Is Sim Racing Hard? Or Is It Easy?

As with most hobbies, getting into sim racing can be tough and can require a lot of time and patience. There are dozens of titles on offer and a whole load of vocabulary to learn, all before you even take your place on the track. It can leave newcomers wondering whether sim racing is easy or hard.

Sim racing can be hard for beginners. The user interfaces of popular games like iRacing and Assetto Corsa can be difficult to navigate, and a lack of tutorials can leave drivers feeling underprepared. However, there are plenty of beginner-friendly sim racing games out there to make it easier.

However, these factors shouldn’t necessarily put beginners off. In this article, we will discuss these factors in greater detail, as well as offering some tips to ensure beginners get the warmest possible welcome into the world of sim racing.

Why Is Sim Racing Hard For Some Beginners?

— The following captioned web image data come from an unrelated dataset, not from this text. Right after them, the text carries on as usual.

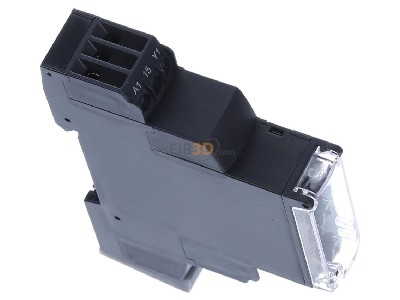 Ansicht oben links Schneider Electric RE17RLMU Zeitrelais 1W 24-240VAC 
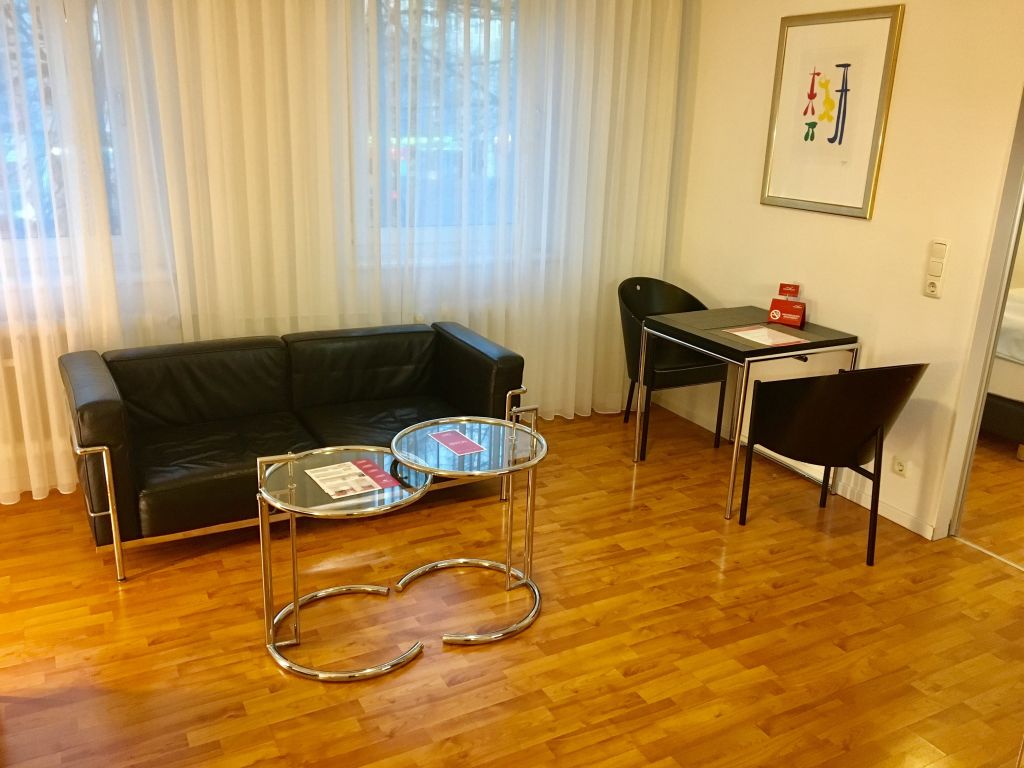 Miete 1 Zimmer Wohnung Berlin | Ganze Wohnung | Berlin | Großzügige Deluxe Studioapartments in Berlin-Wilmersdorf | Hominext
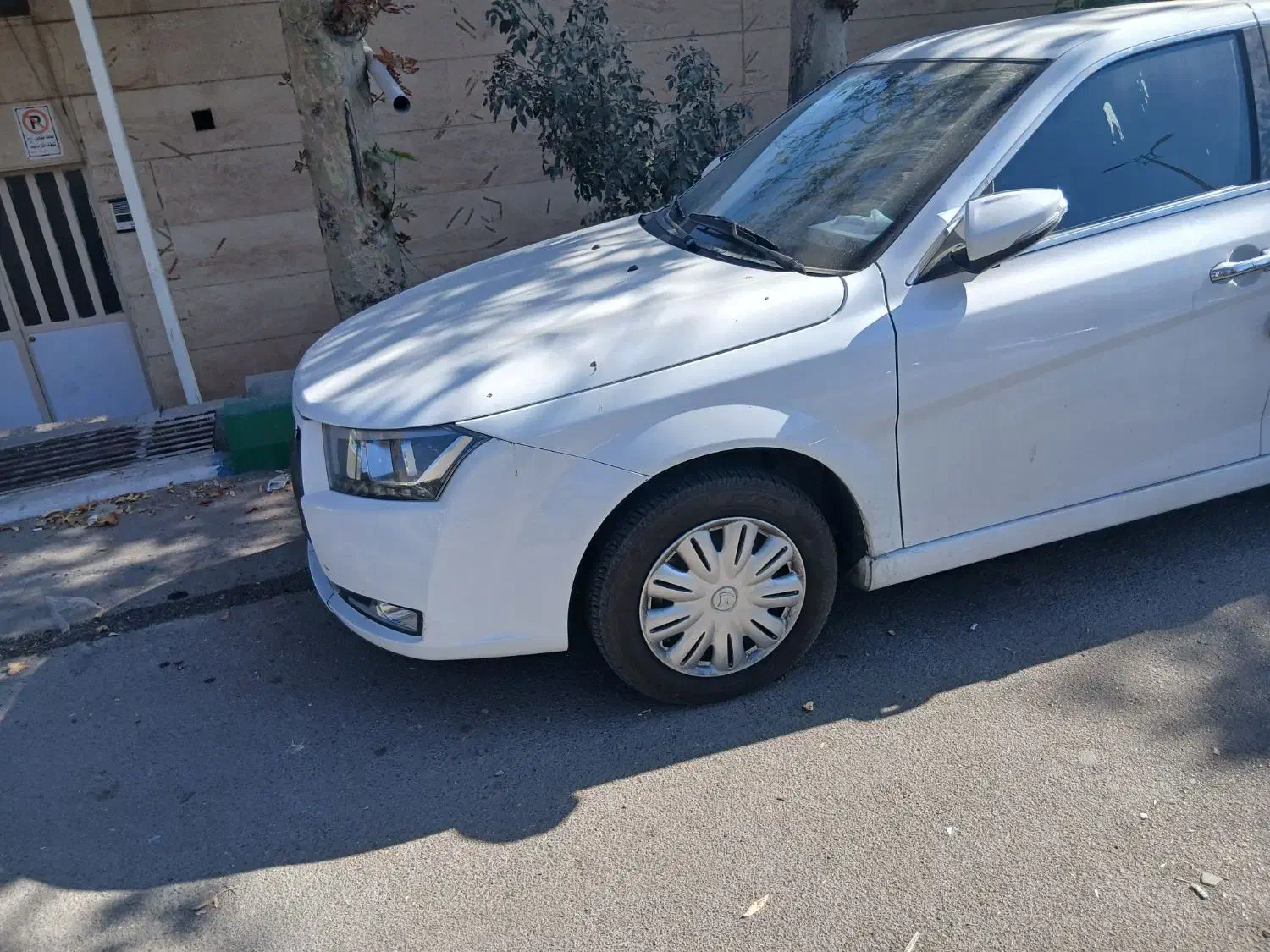 دنا پلاس ۵ دنده EF7 - 1403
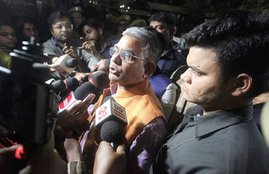 lok sabha, lok sabha election, lok sabha election 2019, lok sabha election 2019 schedule, lok sabha election date, lok sabha election 2019 date, लोकसभा चुनाव, लोकसभा चुनाव 2019, chunav, lok sabha chunav, lok sabha chunav 2019 dates, lok sabha news, election 2019, election 2019 news, Hindi news, news in Hindi, latest news, today news in Hindi, West Bengal, election news, Dilip Ghosh, Medinipore, convoy attacked, TMC, BJP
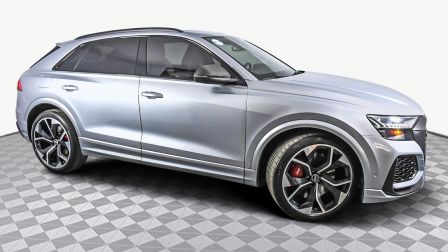 2021 Audi RS Q8 4.0T                in Weston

Sim racing isn’t always optimised for beginners, and while user interfaces may come as second nature to experienced racers, they can leave newcomers feeling confused and overwhelmed. The world of sim racing can be intimidating for beginners, but it doesn’t have to be hard to navigate.

Difficult User Interfaces

It’s first worth considering the top end of the sim racing pool of games, where the real simulators like iRacing and Assetto Corsa lie. These are often the kinds of games through which people first come across sim racing, and they’re billed as the pinnacle of the genre in terms of realism and driving experience.

iRacing’s User Interface

There aren’t too many flaws to pick at with iRacing – one of the most popular sim racing games – apart from the fact its user interface is incredibly over complicated for an unseasoned sim racer. Packed with almost endless settings to no doubt enhance your racing experience, the interface is a minefield for new players.

The settings interface is split into six sections: Drive, Options, Graphics, Replay, Sound and Controls. Each of these settings contain in-depth specification options that could well take a couple of business days to navigate through fully.

For example, the drive page is split into eight parts, with one of those parts devoted entirely to adjusting the drivers view. In this section you can adjust the field of view to the exact degree, you can also tinker with the percentage of the shift horizon and the roll chassis, and so on.

Now, don’t get me wrong, this level of detail is hugely impressive, but to a beginner it can feel like they are trying to translate a foreign language. And the problem isn’t necessarily in the detail of the specifications, more so in the sheer number of specifications loaded onto one single page.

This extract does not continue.